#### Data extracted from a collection

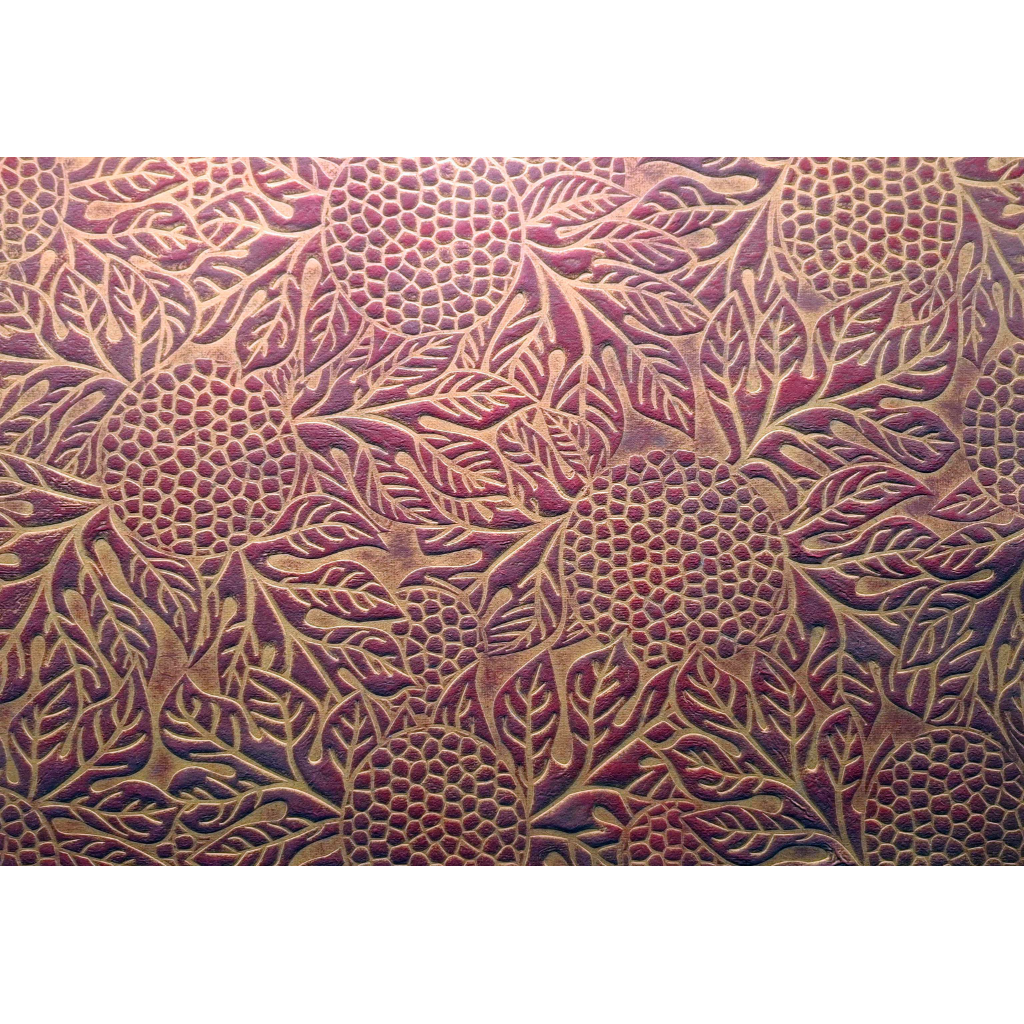 Cuir d'écorce en Feuilles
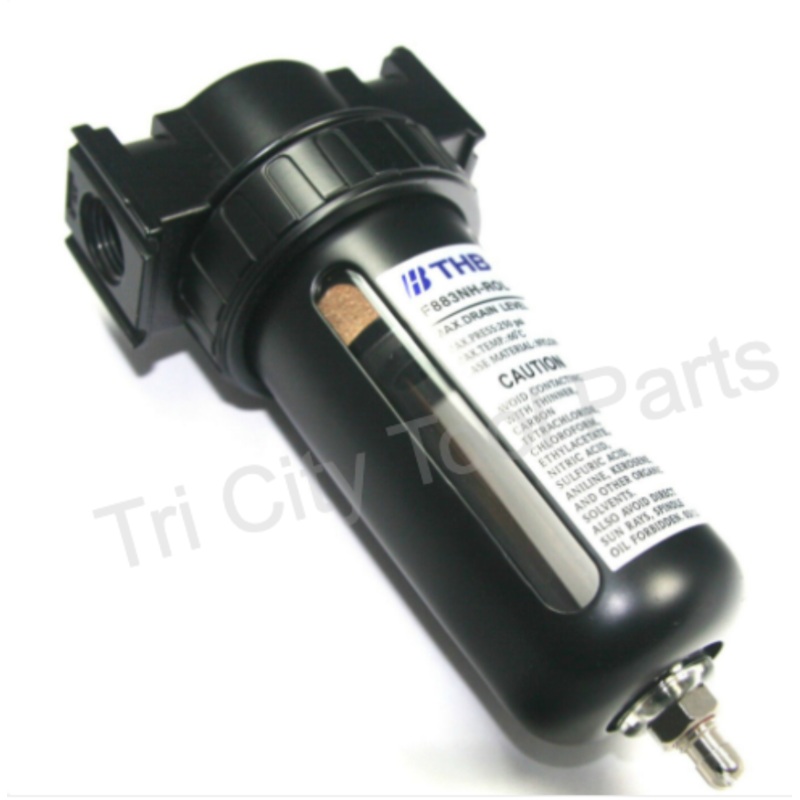 FIL0375 ROLAIR Air Compressor Water Filter Trap  3/8 NPT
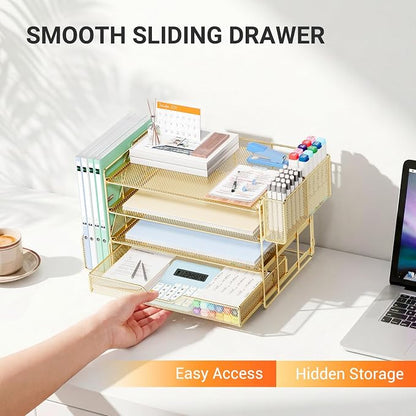 OPNICE Desk Organizer, 4-Tier Desktop File Organizer - Image 7
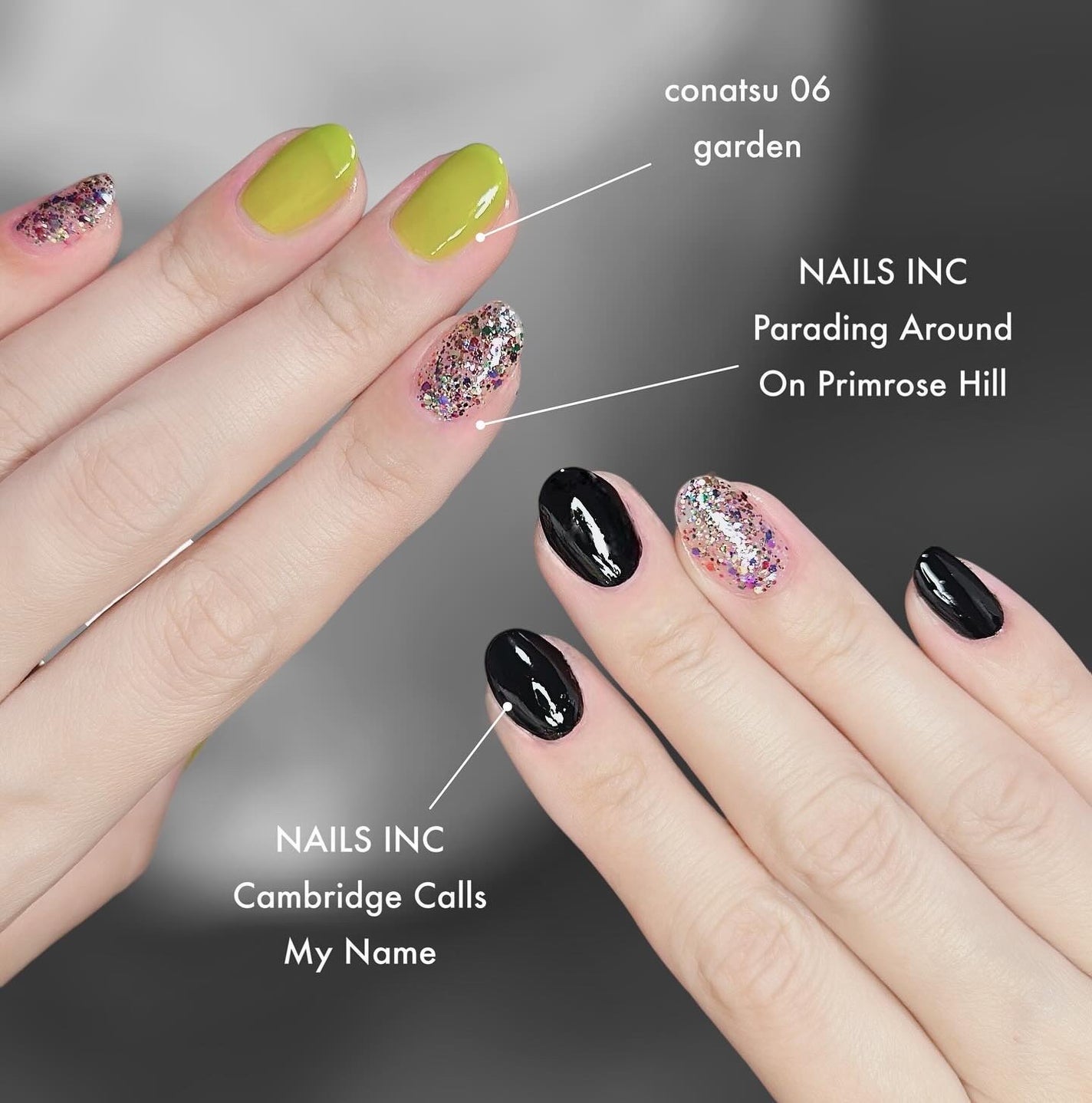 conatsu ネイルポリッシュ nails inc.・conatsu nail polishのマニキュアを使った口コミ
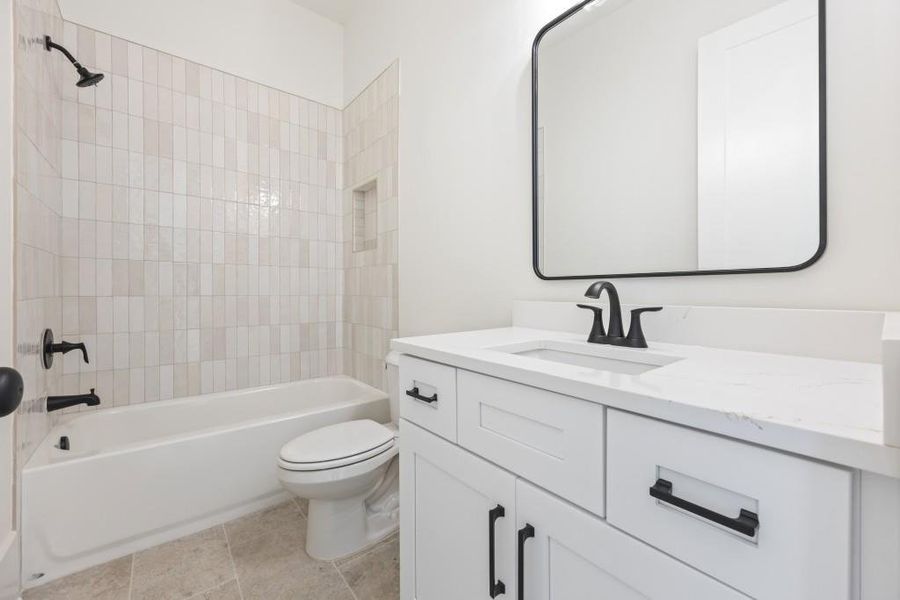 Furnished interior view inside a new home in , Madison (Image 10).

#### Assignment
Counting the line with "FIL0375 ROLAIR Air" and the last line of the data above, transcribe those two lines and every line between them exactly, without the pictures.

#### Answer area
 FIL0375 ROLAIR Air Compressor Water Filter Trap  3/8 NPT
 OPNICE Desk Organizer, 4-Tier Desktop File Organizer - Image 7
 conatsu ネイルポリッシュ nails inc.・conatsu nail polishのマニキュアを使った口コミ
 Furnished interior view inside a new home in , Madison (Image 10).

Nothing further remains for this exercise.